Le amnesie del qualunquismo italiano, della profonda millenaria destra italiana su cui navigano tutti i ritorni plebiscitari del partito dei soldi, sono totali, compatte come un muro di gomma, come i gradini di una piramide. Senza esitazioni, senza pudore.
Siamo nati e vissuti in una terra in cui non solo i cippi e i monumenti parlano della guerra di popolo al fascismo, ma anche le pietre, anche i fossi. Guardate quello che segue la strada fra Cuneo e Torino non lontano da Centrallo: in quel fosso cadde crivellato dai colpi delle brigate nere Duccio Galimberti e un ragazzo che passava lì per caso li sentì urlare "sparate su quel bastardo". Si chiamavano Costanzo e Probo, come i martiri della Legione Tebea, i vostri nonni o padri saliti in montagna dalle campagne del Passatore o della Bombonina, dalle tenute del marchese Falletti e che formarono l'esercito volontario di borghesi e di contadini (di operai ce ne erano pochi, gli operai comunisti stavano più su nelle valli di Lanzo e del Pellice).
Ne avete avuto uno in ogni famiglia, è impossibile che li abbiate dimenticati. Eppure è così: quando dal profondo sale la paura del nuovo, il terrore atavico della miseria, della fame, si vota Berlusconi o qualsiasi altro populista che prometta di tagliare le tasse e di abolire le multe.
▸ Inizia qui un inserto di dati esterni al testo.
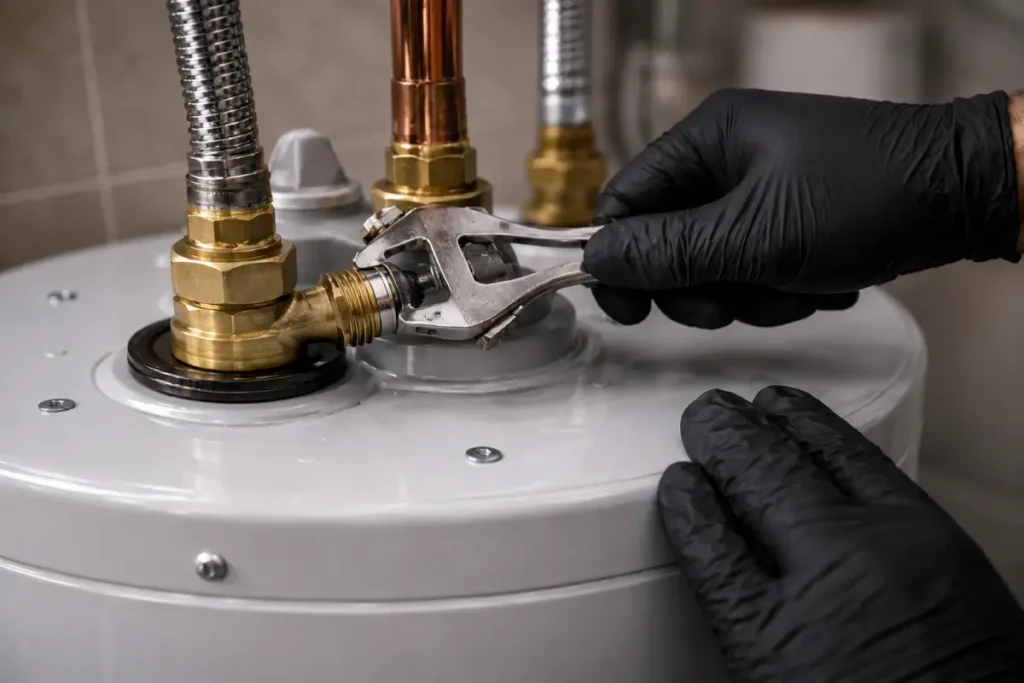 Close-up of plumber tightening a water heater pipe connection with black gloves and adjustable wrench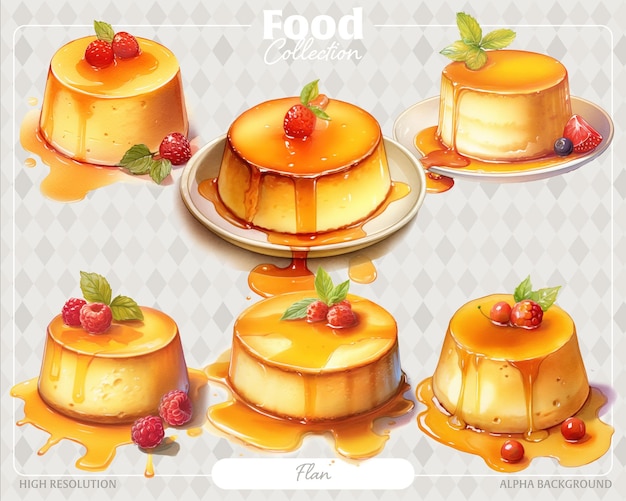 PSD vanilla flan pudim watercolor food illustration collection with transparent background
Ma sale pure da un passato recente, anche dalla crisi dell'agricoltura del primo Novecento quando dalle campagne affamate del Piemonte partirono a decine di migliaia per andare a bonificare la pampa argentina, a dormire nelle buche, a patire di malaria per tornare vecchi e logori a comperare la villetta dalle parti del viale degli Angeli fra Cuneo e la montagna. Non solo nella 'provincia granda', anche a nord nella pianura Padana, nel Veneto.
C'è un paese di montagna fra l'Adige e il Brenta, San Mauro di Saline, dove ha votato per la destra l'89,95 per cento, 349 voti su 388 di cui 102 a Forza Italia e il resto alla Lega. Tutto ciò vuol dire che a decidere le elezioni di un paese moderno, il sesto o settimo paese industriale del mondo, sono state delle paure senza senso nel presente, ma radicate da millenni: paure di carestie, di invasioni, di peste, di fillossera, di grandine, per cui non si ragiona più, si corre dove si pensa che ci sia un riparo conservatore, il riparo del non muovere, del non agitare le acque e gli eventi che hanno sempre portato lutti fra la povera gente. Tanto più se povera non è, ma si è fatta l'automobile e la casa, tanto più se nessuno vuole toglierle l'automobile e la casa.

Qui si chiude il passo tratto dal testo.